• _PROBLEM REQUIREMENTS_: Output, exactly as written, the lines below from the one that has "BRZのドライブに関するカスタム事例の投稿画像1枚目" through the one that has "Uloženie priečneho stabilizátora"; nothing else, and no pictures.
* * * * * * *
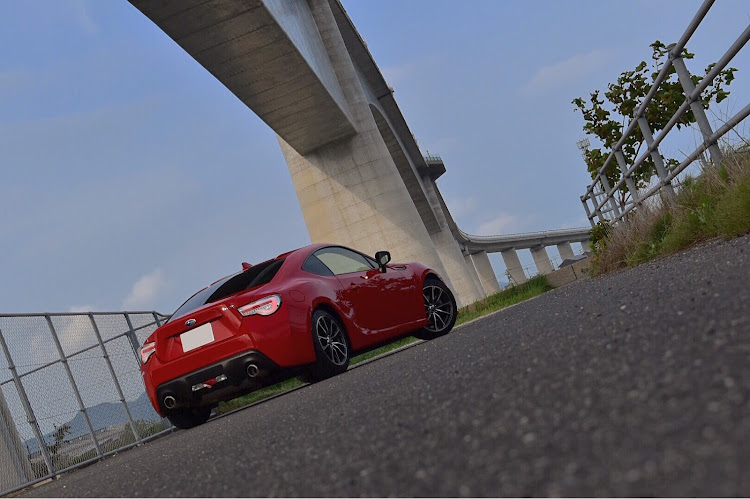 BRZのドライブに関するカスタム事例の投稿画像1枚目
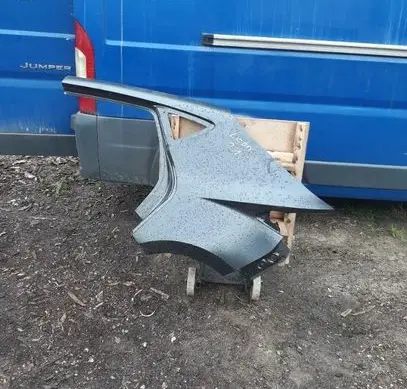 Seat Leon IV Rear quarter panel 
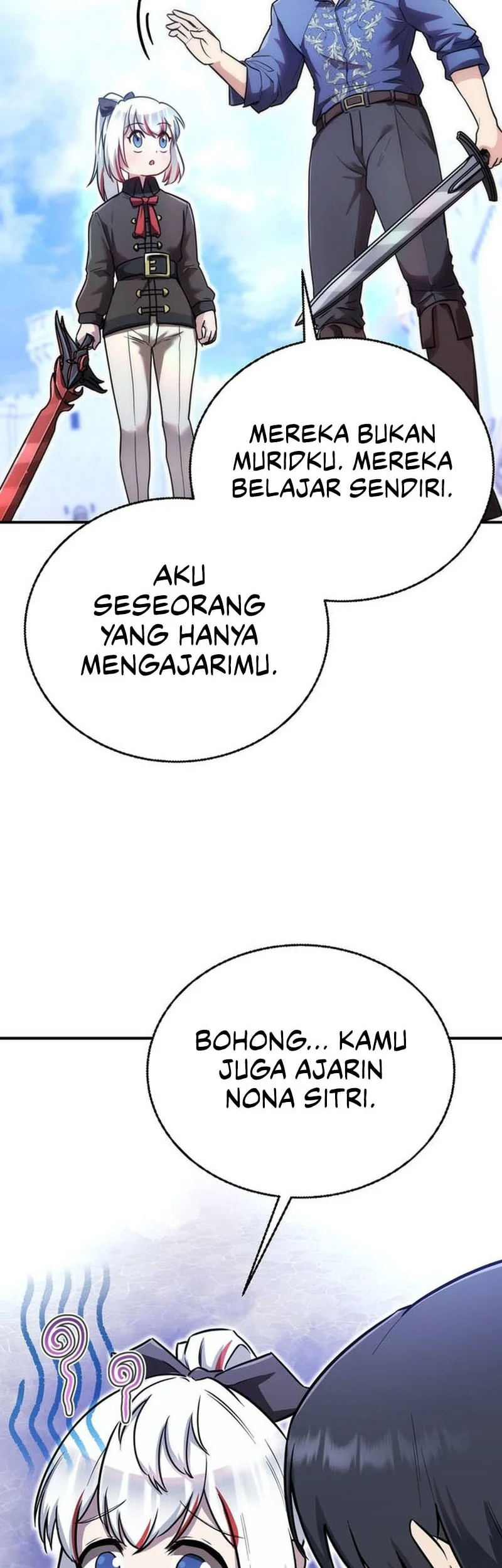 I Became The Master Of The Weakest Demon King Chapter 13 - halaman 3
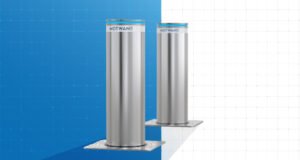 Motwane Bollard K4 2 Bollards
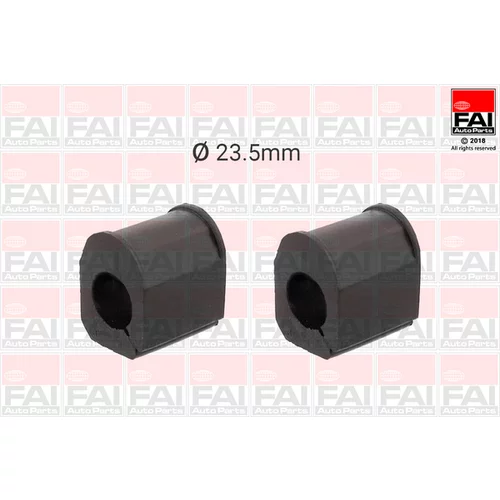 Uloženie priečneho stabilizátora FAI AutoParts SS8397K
* * * * * * *
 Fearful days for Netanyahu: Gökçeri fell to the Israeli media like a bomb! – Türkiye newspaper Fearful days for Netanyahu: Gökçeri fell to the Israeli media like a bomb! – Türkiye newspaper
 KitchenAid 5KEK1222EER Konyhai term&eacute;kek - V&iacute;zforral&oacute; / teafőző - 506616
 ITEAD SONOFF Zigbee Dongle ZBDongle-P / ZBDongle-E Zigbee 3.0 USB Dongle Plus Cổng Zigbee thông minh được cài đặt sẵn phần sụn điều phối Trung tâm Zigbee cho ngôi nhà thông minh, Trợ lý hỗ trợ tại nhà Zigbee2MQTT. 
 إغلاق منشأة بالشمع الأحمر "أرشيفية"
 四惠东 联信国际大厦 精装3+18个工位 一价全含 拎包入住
* * * * * * *
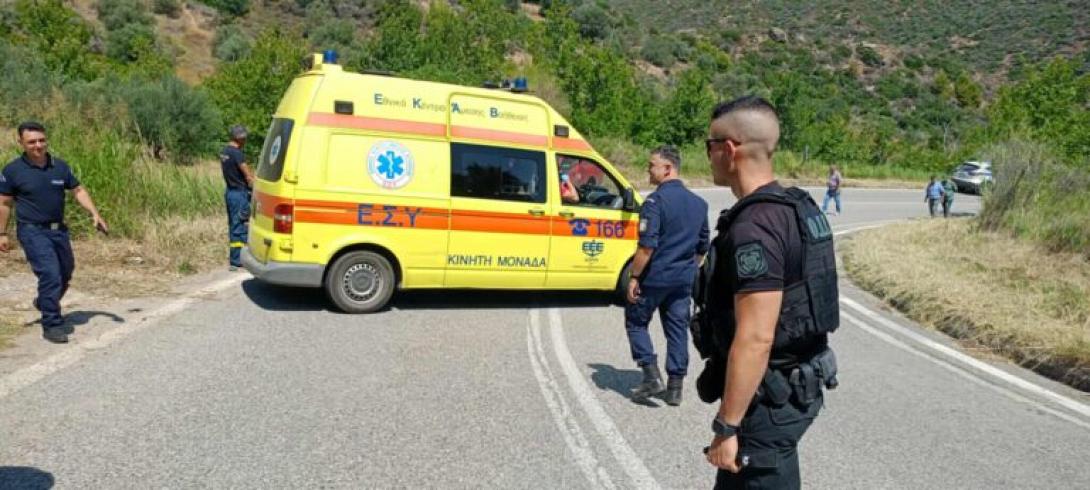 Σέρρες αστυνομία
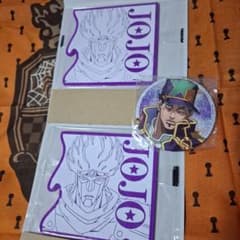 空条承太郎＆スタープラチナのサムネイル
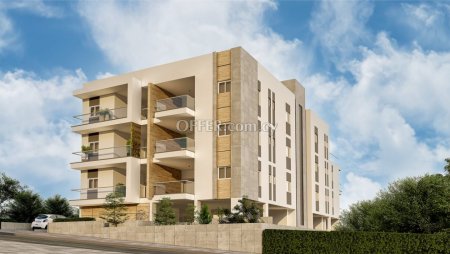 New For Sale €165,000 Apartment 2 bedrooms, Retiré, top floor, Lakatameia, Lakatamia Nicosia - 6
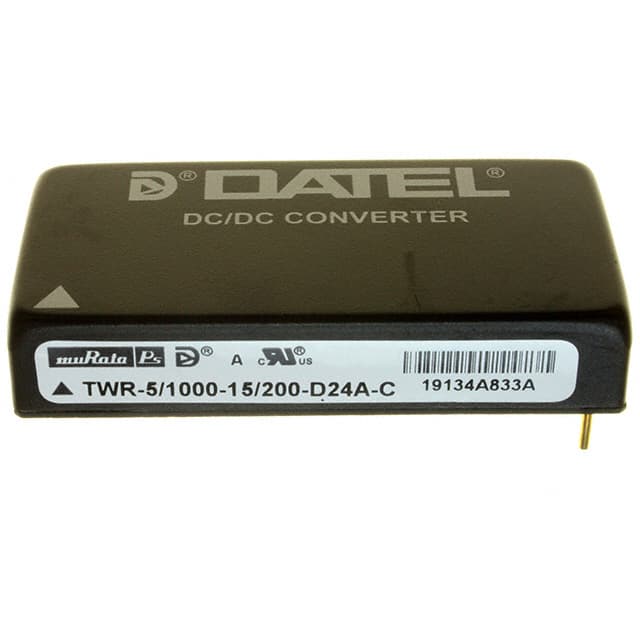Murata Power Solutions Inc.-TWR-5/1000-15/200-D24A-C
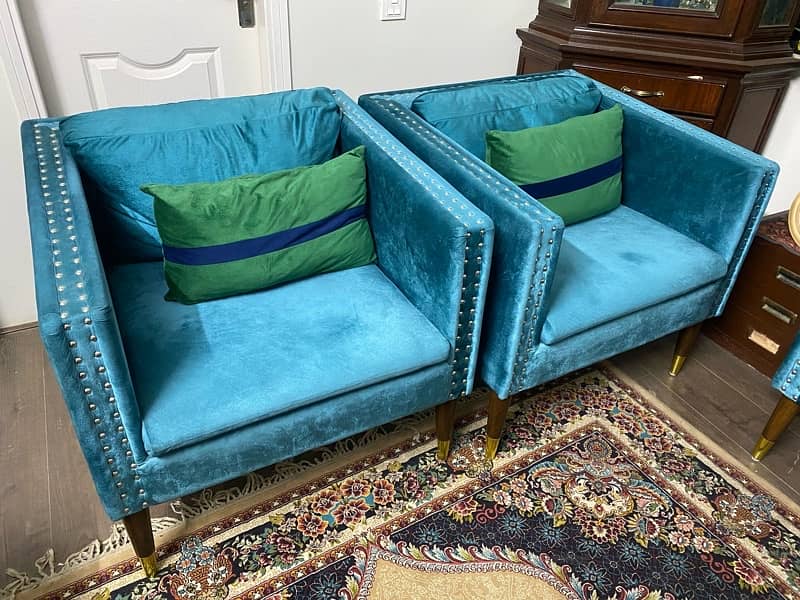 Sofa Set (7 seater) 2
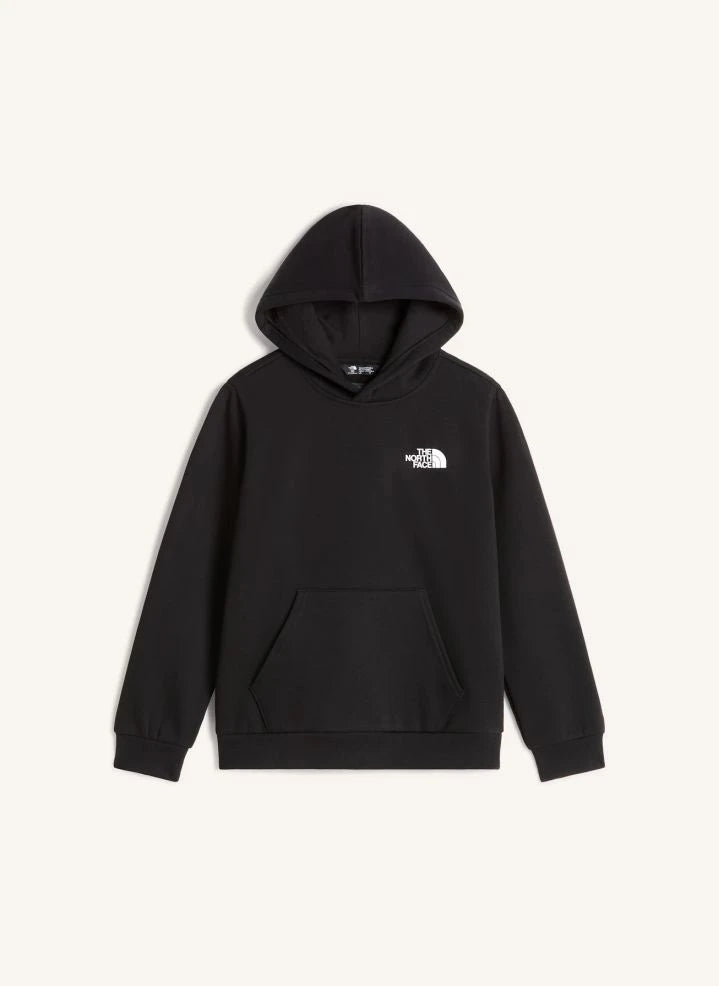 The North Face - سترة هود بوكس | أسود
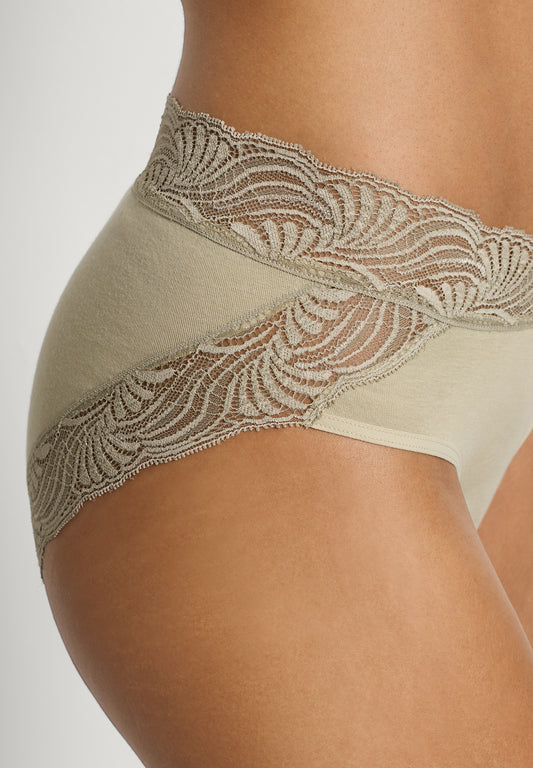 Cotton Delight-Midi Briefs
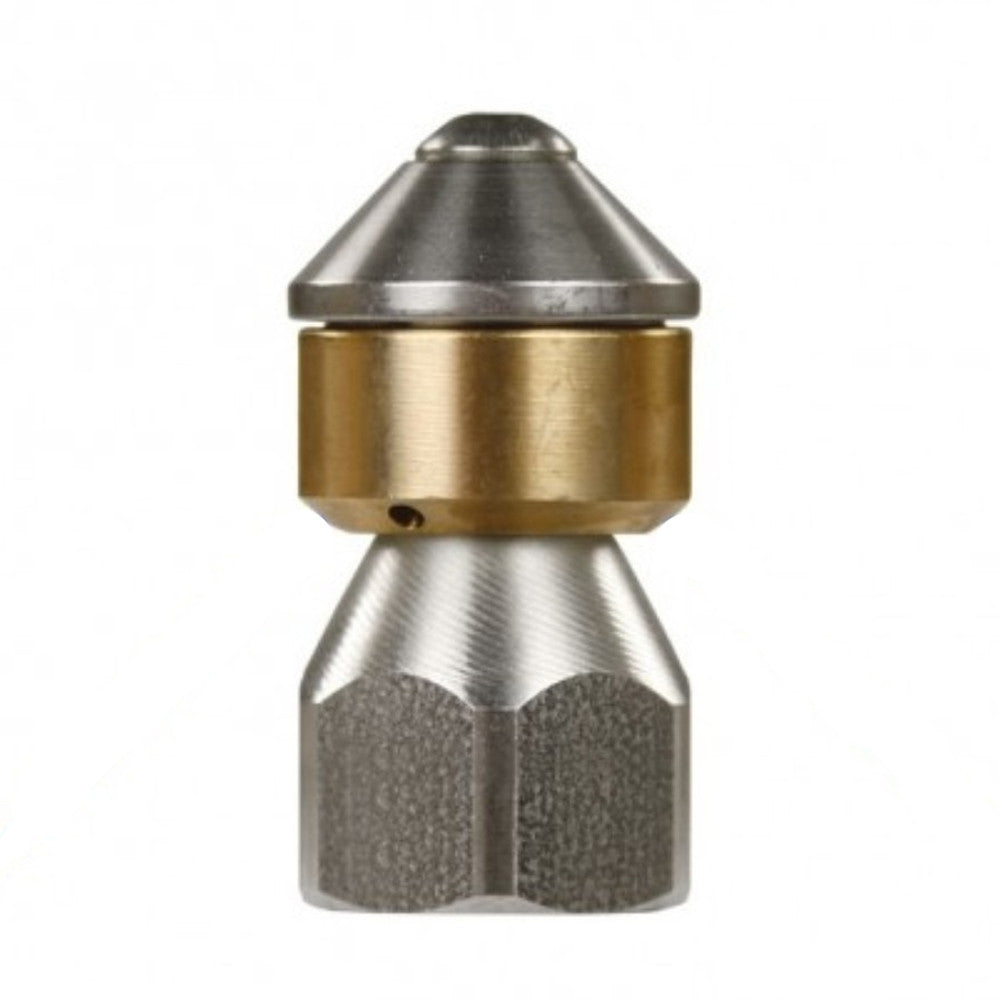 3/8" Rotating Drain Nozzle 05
* * * * * * *
• _RESPONSE_:
 BRZのドライブに関するカスタム事例の投稿画像1枚目
 Seat Leon IV Rear quarter panel 
 I Became The Master Of The Weakest Demon King Chapter 13 - halaman 3
 Motwane Bollard K4 2 Bollards
 Uloženie priečneho stabilizátora FAI AutoParts SS8397K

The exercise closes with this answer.